• [MATERIAL FOR THIS EXERCISE]:
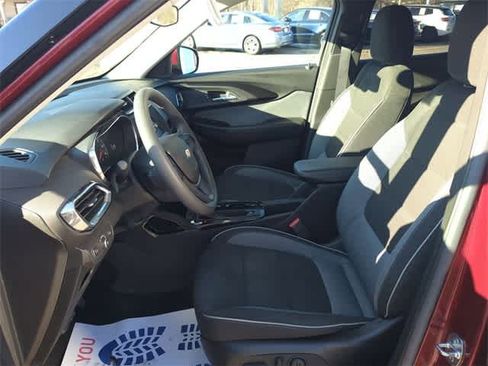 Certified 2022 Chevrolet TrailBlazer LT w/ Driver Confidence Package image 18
...
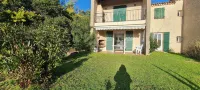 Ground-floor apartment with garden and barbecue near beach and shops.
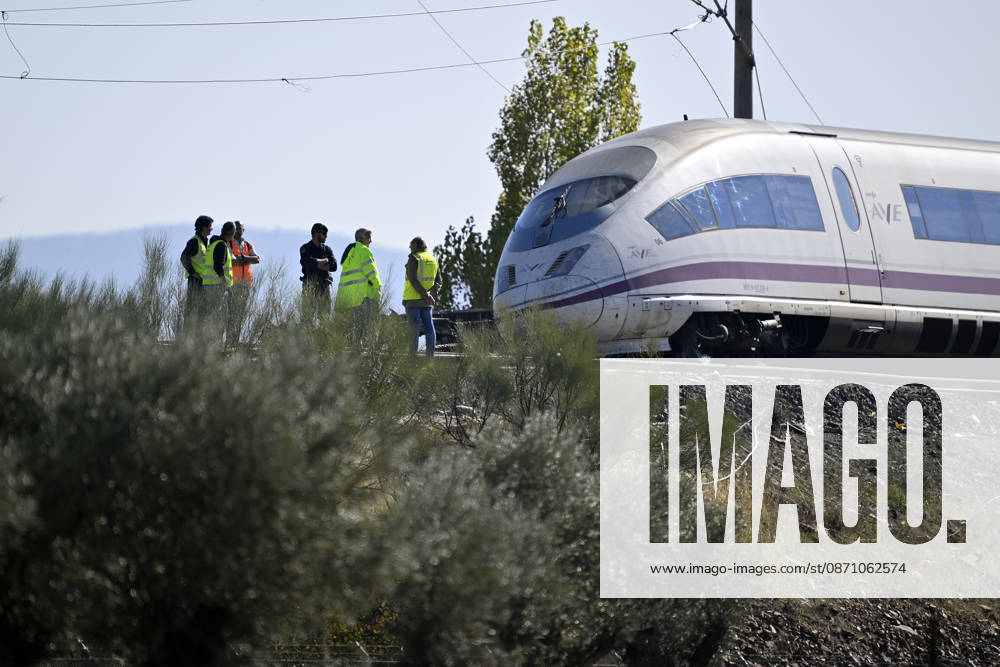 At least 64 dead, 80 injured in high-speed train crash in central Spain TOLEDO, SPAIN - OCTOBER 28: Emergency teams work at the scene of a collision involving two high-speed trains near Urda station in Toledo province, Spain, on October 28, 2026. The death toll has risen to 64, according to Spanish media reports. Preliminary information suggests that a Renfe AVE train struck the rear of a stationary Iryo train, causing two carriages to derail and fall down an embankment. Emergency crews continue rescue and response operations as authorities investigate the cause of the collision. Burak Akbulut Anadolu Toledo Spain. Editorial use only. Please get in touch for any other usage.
* * *
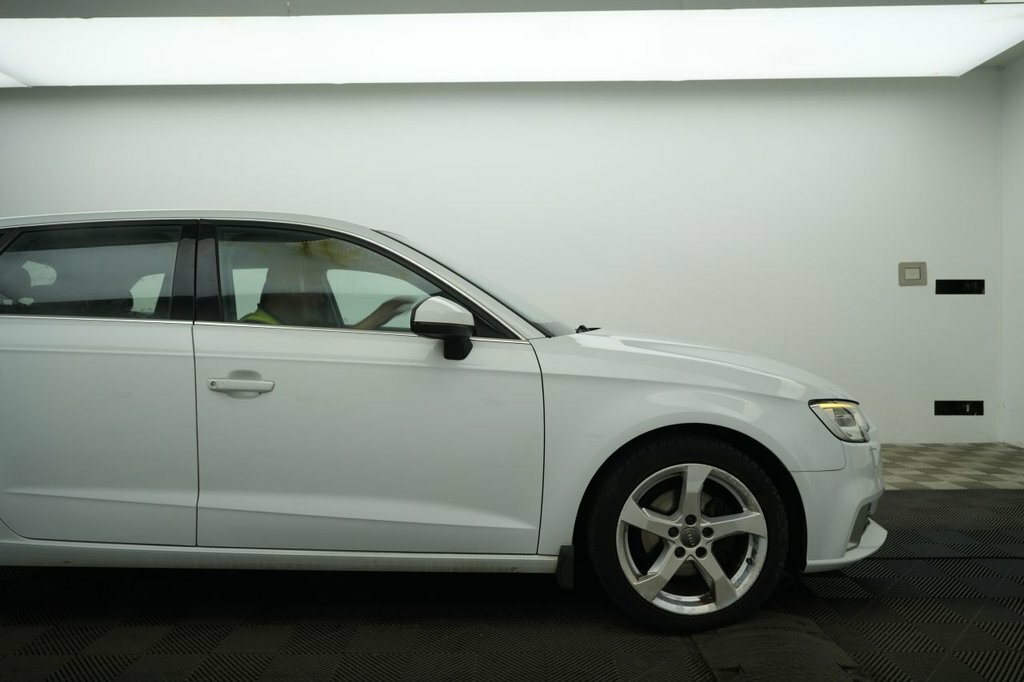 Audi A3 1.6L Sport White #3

• [PROBLEM TO SOLVE]:
An exact copy is needed of the entries above, starting at the line that holds "Ground-floor apartment with" and stopping at the line that holds "At least 64", both kept; pictures stay out.

• [YOUR RESPONSE]:
 Ground-floor apartment with garden and barbecue near beach and shops.
 At least 64 dead, 80 injured in high-speed train crash in central Spain TOLEDO, SPAIN - OCTOBER 28: Emergency teams work at the scene of a collision involving two high-speed trains near Urda station in Toledo province, Spain, on October 28, 2026. The death toll has risen to 64, according to Spanish media reports. Preliminary information suggests that a Renfe AVE train struck the rear of a stationary Iryo train, causing two carriages to derail and fall down an embankment. Emergency crews continue rescue and response operations as authorities investigate the cause of the collision. Burak Akbulut Anadolu Toledo Spain. Editorial use only. Please get in touch for any other usage.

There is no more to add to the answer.